Content starts

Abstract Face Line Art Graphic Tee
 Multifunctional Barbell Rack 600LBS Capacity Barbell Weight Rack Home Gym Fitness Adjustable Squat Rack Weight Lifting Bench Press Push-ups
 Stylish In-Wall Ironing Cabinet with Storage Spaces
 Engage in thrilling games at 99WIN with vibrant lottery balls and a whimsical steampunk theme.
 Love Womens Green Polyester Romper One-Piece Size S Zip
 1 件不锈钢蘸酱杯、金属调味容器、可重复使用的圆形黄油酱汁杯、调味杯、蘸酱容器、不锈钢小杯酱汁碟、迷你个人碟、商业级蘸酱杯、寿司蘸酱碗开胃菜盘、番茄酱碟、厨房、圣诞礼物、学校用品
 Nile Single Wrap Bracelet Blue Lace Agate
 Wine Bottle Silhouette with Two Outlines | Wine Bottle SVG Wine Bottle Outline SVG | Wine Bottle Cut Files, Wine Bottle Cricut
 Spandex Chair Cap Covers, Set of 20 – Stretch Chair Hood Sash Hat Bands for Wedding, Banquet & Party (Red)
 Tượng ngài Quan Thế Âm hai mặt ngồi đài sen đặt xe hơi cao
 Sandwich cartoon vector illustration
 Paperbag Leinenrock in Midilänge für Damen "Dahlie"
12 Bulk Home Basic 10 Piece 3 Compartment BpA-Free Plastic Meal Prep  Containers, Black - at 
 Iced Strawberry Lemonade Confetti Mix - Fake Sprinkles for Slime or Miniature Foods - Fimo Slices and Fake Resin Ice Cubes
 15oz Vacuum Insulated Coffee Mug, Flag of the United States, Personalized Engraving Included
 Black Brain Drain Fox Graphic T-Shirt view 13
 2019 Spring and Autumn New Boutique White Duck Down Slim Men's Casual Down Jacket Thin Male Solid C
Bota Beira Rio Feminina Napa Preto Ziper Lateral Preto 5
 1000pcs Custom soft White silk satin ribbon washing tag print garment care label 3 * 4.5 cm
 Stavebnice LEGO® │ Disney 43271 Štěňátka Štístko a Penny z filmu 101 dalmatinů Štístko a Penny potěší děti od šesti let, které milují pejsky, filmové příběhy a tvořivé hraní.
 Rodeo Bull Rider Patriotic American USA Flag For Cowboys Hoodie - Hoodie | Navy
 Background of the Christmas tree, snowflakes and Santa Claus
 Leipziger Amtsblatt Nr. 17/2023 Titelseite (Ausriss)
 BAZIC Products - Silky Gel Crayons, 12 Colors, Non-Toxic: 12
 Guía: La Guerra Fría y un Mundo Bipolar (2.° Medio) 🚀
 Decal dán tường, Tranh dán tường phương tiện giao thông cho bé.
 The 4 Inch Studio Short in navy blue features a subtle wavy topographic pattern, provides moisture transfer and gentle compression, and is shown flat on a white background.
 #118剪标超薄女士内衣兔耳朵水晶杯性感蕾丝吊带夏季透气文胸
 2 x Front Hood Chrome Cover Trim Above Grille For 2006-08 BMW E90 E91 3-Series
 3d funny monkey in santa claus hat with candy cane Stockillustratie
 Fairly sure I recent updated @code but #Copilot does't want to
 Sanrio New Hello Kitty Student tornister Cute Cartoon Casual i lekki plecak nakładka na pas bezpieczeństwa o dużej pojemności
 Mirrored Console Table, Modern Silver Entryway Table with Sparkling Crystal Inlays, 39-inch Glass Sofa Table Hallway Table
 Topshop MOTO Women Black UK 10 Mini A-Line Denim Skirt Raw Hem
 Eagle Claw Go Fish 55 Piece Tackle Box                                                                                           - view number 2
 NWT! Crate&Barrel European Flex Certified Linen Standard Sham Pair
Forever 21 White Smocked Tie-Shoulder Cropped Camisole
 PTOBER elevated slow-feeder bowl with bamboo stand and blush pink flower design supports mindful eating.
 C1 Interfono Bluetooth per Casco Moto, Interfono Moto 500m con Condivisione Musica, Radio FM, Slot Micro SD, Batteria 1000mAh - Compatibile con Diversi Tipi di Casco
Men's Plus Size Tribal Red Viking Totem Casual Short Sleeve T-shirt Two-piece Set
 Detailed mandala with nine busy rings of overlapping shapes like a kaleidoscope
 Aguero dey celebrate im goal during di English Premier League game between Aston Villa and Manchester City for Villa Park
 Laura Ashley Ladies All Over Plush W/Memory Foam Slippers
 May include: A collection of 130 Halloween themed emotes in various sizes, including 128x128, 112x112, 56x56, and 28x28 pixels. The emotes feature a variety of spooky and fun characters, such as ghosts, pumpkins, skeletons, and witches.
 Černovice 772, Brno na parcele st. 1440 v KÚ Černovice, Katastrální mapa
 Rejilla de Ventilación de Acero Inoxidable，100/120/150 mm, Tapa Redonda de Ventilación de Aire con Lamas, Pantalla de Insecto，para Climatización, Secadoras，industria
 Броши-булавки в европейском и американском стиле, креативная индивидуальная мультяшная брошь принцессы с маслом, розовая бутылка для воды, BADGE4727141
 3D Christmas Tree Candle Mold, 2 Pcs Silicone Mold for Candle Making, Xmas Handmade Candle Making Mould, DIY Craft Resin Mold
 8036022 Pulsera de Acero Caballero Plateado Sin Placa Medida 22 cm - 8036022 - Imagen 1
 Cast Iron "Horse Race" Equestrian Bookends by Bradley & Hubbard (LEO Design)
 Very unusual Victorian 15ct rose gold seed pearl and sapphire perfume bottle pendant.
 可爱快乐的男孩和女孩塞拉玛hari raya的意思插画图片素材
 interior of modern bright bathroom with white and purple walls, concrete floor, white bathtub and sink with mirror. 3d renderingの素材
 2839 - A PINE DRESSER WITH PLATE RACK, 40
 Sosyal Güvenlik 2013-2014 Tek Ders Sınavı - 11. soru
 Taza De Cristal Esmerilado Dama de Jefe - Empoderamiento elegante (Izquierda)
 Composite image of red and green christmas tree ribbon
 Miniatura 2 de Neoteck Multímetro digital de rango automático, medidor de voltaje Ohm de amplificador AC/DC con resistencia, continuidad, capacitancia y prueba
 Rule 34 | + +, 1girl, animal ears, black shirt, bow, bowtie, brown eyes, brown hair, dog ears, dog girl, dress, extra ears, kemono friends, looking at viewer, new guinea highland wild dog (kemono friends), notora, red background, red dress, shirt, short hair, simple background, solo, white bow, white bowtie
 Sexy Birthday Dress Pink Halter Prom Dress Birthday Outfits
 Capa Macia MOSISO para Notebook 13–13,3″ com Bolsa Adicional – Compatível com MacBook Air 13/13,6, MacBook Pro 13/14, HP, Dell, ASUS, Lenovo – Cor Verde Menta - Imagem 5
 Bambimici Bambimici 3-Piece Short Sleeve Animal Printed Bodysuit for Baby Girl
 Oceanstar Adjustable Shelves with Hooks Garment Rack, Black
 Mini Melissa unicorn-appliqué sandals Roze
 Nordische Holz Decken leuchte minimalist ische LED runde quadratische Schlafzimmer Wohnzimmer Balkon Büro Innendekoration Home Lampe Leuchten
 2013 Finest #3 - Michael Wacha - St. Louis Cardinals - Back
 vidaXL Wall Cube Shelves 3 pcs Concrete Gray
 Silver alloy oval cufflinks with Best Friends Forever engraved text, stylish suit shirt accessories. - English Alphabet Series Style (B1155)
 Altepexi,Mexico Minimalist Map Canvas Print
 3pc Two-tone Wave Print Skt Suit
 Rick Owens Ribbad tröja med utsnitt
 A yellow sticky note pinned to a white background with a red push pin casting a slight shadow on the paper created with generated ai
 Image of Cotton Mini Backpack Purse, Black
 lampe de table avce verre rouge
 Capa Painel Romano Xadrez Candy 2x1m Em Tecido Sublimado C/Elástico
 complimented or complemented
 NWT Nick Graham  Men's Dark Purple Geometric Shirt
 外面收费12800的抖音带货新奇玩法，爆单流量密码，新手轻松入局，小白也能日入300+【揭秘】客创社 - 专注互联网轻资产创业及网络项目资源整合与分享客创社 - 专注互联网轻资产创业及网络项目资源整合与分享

Content ends

§ WORK ITEM
Whenever a line in the entries above includes the word "Resin", pull that line out.

§ SOLUTION TO THE PROBLEM
 Iced Strawberry Lemonade Confetti Mix - Fake Sprinkles for Slime or Miniature Foods - Fimo Slices and Fake Resin Ice Cubes
 3D Christmas Tree Candle Mold, 2 Pcs Silicone Mold for Candle Making, Xmas Handmade Candle Making Mould, DIY Craft Resin Mold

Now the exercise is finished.